A Reading Plan for Christian Apologists – Part 3.5
The men who followed the Apostolic Fathers in the 2nd, 3rd and early 4th centuries fought many important battles for the orthodox Christianity passed to them from Jesus Christ through the apostles and the apostolic fathers. The writings of these brave men are important for modern Christian apologists to read because the battles they fought are similar to what we fight today. Plus, we can learn from the deep devotion they presented in both their lives and ministries.

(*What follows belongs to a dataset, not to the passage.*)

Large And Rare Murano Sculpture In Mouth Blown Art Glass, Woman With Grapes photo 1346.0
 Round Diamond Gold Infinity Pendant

In our last study we began looking at the apologetic ministry of Justin Martyr. Justin was born about 100 AD and died a martyr about 65 years later. Two of Justin’s best-known writings are the Apologies (Defenses). He addressed his First Apology to Emperor Antoninus Pius, the emperor’s sons, and the Roman Senate. Justin argued that Christianity had been grossly misrepresented and that it should be treated as a legal religion. He also argued that Christianity was not a threat to the Roman Empire.
We turn now to Justin’s Second Apology which he addressed to the Roman Senate for the purpose of exposing what was really behind persecution of Christians under Urbicus and the irrationality of the allegations being leveled against Christ’s followers.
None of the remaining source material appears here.